# [TASK BRIEF]
Copy nothing from the entries below except the lines from the one containing "New therapies for" through the one containing "Мікротоки стимулюють вироблення", and copy those exactly.

# [DATA]
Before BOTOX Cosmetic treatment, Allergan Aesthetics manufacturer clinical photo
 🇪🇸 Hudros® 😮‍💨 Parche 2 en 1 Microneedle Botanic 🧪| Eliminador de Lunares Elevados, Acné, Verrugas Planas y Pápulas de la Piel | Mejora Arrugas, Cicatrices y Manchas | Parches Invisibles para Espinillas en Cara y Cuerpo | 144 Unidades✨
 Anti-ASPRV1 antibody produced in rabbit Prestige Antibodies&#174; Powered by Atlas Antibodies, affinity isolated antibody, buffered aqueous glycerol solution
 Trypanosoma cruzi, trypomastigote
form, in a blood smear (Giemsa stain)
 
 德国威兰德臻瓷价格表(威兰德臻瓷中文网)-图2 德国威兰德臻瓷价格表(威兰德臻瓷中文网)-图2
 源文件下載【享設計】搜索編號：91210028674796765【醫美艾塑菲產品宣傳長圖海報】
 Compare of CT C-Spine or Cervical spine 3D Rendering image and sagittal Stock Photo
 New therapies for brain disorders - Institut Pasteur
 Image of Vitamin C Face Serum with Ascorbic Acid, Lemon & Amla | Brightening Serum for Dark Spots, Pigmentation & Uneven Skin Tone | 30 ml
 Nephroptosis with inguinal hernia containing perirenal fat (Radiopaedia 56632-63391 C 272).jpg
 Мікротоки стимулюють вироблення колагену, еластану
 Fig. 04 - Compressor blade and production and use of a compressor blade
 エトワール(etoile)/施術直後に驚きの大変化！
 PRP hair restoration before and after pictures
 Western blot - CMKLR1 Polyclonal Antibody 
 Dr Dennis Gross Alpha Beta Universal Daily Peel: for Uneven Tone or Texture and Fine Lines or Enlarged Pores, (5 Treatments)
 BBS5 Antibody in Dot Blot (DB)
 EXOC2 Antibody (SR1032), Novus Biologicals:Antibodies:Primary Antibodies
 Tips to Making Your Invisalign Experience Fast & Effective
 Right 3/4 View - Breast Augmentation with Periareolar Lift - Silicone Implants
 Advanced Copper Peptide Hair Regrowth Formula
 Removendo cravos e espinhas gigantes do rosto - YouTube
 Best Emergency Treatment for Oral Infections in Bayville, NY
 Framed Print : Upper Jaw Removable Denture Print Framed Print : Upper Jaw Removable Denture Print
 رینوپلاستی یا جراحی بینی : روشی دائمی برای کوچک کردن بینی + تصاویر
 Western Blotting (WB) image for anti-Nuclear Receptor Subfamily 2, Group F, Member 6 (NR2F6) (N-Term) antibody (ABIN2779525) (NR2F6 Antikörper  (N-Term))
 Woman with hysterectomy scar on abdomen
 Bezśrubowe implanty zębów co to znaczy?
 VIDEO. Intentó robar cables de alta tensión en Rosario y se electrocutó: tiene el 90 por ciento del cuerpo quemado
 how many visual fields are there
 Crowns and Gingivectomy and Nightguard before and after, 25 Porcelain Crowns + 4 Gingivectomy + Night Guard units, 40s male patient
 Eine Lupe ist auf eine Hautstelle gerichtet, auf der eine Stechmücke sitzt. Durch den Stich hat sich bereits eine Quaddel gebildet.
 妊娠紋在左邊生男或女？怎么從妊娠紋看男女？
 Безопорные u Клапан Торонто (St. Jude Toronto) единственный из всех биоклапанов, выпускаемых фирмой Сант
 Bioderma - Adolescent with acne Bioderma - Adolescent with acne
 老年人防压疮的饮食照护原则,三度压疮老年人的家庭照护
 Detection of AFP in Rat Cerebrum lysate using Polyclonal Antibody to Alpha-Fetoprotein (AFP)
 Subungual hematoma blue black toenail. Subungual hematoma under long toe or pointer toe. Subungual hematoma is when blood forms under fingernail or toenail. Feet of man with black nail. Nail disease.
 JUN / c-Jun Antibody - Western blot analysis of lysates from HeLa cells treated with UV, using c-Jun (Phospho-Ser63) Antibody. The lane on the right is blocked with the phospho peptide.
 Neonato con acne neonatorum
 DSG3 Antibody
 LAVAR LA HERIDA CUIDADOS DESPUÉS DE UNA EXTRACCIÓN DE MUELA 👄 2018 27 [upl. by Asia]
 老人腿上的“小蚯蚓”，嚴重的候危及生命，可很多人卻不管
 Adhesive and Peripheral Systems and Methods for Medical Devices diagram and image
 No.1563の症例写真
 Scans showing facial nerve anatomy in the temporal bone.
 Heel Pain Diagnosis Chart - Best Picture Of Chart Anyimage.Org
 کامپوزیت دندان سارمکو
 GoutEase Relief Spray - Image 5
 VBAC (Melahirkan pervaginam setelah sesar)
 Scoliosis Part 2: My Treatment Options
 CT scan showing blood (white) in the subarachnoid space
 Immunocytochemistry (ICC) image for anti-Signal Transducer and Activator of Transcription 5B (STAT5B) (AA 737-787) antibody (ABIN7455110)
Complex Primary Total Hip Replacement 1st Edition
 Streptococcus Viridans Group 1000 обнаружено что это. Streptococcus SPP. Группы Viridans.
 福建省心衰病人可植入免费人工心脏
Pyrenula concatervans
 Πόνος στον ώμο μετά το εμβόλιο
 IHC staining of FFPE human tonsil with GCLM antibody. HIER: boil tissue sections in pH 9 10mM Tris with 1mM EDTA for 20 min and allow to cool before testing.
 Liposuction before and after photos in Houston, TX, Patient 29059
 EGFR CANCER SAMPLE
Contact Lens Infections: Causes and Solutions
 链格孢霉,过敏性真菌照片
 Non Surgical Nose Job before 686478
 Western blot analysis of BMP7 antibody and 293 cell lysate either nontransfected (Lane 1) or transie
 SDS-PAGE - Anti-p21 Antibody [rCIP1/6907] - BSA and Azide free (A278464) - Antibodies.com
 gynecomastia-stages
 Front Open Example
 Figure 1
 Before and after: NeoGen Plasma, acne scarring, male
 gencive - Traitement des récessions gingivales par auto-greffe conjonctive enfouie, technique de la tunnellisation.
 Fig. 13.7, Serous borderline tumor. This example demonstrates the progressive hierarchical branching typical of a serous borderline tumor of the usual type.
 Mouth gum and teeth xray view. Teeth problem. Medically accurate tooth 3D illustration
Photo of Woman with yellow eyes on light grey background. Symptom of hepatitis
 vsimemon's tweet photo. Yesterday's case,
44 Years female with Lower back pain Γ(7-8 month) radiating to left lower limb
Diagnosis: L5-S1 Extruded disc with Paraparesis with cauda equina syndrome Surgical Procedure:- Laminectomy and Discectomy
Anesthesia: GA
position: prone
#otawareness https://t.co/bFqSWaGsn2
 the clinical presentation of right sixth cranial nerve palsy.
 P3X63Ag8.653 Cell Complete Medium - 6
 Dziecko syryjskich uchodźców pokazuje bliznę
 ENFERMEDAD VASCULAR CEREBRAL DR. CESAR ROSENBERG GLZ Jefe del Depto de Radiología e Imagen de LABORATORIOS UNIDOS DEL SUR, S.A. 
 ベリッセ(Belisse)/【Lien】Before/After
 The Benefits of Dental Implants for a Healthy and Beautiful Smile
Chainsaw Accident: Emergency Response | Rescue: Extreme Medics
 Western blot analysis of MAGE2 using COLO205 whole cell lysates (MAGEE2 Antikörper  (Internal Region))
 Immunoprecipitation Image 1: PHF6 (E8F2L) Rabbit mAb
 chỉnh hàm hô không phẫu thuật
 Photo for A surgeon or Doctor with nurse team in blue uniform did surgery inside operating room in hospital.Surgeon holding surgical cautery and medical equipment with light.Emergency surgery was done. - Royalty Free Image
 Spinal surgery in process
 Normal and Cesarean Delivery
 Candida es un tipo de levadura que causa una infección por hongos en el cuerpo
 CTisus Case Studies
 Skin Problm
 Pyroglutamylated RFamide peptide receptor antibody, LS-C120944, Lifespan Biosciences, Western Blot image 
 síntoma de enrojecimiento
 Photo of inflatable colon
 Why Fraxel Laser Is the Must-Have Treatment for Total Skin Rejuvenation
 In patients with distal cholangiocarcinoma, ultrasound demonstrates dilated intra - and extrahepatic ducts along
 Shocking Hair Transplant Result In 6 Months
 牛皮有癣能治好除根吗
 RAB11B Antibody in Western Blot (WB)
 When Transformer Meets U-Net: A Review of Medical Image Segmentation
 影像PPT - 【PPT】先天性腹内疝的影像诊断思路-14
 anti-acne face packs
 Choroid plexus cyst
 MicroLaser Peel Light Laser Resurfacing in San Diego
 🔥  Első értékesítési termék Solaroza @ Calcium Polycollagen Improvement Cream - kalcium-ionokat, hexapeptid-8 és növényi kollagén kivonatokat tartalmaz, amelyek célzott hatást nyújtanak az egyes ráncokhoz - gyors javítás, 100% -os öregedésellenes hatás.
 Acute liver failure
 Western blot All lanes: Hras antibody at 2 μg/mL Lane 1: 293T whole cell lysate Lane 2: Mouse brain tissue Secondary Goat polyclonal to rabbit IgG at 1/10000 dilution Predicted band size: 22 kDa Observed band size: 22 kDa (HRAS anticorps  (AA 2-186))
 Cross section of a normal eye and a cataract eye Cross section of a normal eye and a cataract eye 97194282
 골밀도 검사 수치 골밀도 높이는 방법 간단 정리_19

# [RESULT OF THE EXERCISE]
 New therapies for brain disorders - Institut Pasteur
 Image of Vitamin C Face Serum with Ascorbic Acid, Lemon & Amla | Brightening Serum for Dark Spots, Pigmentation & Uneven Skin Tone | 30 ml
 Nephroptosis with inguinal hernia containing perirenal fat (Radiopaedia 56632-63391 C 272).jpg
 Мікротоки стимулюють вироблення колагену, еластану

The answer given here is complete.